There were purchases made this month that we did not want to immediately pay off, so to avoid showing my entire budget as overspent I budgeted a negative amount in the credit card category, as we still technically had those funds in our checking account.
So today, I make a large payment to the card that doesn’t completely pay down the balance on the card. And now YNAB is showing a fat red number in the credit card available column. If I try to budget for that red amount, as I have seen suggested, then my entire budget shows as underfunded, which isn’t true as I still have that buffer to budget for. How do I fix this?
The amount in your CC payment category has no relation to what is in your checking account. You took money out of your CC payment "envelope" to cover a purchase for another category. You either have to pay the CC payment category back before you make your payment in full, or pay the available amount.
I'd advise not leaving money in TBB, even temporarily. I just set up a "Holding" category for the extra bucks I'm not sure about or think I may need to cover for something else before the end of the month.
Remember that YNAB is a cash based system. The payment category represents the cash you have set aside in your budget to pay your credit card, so the amount needs to be equal to or greater than what you plan on paying. So you paid more than was set aside for the payment. Move however much money you need to to bring the category available balance back to at least zero.
I find this sometimes happens if I pay the amount in the CC payment category but then some other category is overspent now (and I didn't notice yet) and it was a mix of credit and cash and it is now prioritizing the cash spending and the amount I paid on my CC was "too high" because YNAB stole from this category to cover the cash in the overspent account.
Ju Man Shu said:
But then how would you treat putting expenses on a card that you don’t immediately intend to pay off with current available funds?
If you are going to pay the card, then you must budget for that card payment before you make it. That really is the beginning and end of the story. Tobias has given you a method above to budget for the rent in two payments, but if you pay the card in between those two payments, it won't work to have only half the rent budgeted for. There's a way to temporarily increase credit card debt carried in the budget (by leaving categories overspent) but it relies on you not paying more to the card than is available to pay the card. If you are going to pay $X from your checking account to the card, $X needs to be available in the budget for that purpose before you do so.
Ju Man Shu said:
to avoid showing my entire budget as overspent I budgeted a negative amount in the credit card category
At that point, you should have budgeted the new funds that showed up in TBB to the negative (overspent) spending category. Did you?

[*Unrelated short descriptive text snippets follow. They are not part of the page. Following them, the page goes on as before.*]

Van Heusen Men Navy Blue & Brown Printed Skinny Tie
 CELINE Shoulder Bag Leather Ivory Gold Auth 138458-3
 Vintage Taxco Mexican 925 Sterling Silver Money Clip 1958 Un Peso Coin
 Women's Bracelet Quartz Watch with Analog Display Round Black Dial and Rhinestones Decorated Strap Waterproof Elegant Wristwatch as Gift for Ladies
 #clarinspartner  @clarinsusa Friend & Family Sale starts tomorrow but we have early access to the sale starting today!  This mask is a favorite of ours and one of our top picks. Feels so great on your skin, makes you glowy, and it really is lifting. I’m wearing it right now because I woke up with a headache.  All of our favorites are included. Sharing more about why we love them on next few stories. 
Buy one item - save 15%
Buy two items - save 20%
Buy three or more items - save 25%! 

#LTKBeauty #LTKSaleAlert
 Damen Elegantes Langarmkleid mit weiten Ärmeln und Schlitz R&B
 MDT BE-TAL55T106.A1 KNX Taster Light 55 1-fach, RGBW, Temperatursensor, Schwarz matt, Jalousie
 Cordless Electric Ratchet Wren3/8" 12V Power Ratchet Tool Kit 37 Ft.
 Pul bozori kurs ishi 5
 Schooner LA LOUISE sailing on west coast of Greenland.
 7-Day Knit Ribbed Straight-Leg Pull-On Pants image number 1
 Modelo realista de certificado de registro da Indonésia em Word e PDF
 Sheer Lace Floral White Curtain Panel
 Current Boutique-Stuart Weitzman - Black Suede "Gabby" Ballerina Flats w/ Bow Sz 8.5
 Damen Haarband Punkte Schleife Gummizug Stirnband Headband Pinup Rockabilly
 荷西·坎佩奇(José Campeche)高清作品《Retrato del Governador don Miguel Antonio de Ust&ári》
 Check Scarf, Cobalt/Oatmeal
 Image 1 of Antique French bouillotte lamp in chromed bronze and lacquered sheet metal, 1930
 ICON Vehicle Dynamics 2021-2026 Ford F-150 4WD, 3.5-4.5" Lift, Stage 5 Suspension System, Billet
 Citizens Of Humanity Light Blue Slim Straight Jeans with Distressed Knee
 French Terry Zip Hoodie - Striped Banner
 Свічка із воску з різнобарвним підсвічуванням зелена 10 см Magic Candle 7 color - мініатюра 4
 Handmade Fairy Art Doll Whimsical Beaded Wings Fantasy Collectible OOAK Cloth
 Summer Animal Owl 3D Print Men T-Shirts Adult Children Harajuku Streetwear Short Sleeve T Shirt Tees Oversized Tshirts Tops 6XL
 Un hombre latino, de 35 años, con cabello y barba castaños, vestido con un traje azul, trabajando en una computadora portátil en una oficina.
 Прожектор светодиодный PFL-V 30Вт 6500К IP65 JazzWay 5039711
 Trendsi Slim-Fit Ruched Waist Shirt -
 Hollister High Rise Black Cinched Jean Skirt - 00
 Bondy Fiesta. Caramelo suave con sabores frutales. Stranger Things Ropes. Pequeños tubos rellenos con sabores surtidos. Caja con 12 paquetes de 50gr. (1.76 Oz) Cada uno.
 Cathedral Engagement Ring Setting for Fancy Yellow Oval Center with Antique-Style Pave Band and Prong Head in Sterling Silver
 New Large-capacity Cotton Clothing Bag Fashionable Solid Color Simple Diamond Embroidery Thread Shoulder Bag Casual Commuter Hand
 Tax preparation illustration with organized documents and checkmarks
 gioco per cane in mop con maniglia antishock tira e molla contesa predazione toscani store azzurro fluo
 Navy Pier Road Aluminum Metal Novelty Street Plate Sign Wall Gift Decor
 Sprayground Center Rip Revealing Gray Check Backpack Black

Because you sent them more than was in the Available column. Effectively, you sent them money that is earmarked for something else in the budget. You'll need to decide what category doesn't have money as a result. (This will fix the negative TBB, discussed below.)
Ju Man Shu said:
If I try to budget for that red amount, as I have seen suggested, then my entire budget shows as underfunded
Which is correct, because money doesn't appear out of thin air. If you increase what you budget toward the CC Payment category, something else needs to decrease -- in this case TBB. If it was $0 before, it's going to be negative afterward. Move money from some other green category to fix TBB (mentioned above). Note, you could have also moved money directly from a green category to the CC Payment category.
That's a shame, as there are two excellent reasons to do so.
1. Convert cash overspending to new CC debt. You may note this is exactly what YNAB automatically does within a category whenever possible. Doing it manually can cross category boundaries.
With regard to Rule 3, sometimes maintaining debt is the lesser priority, especially when cash is needed. The methodology absolutely supports reallocation from the payment category.
2. Turn off the "nag" when the user has made a conscious decision to finance something on a CC. I think the yellow category looks like a mistake. Then again, I was introduced to the methodology when Rule 3 was actually a rule.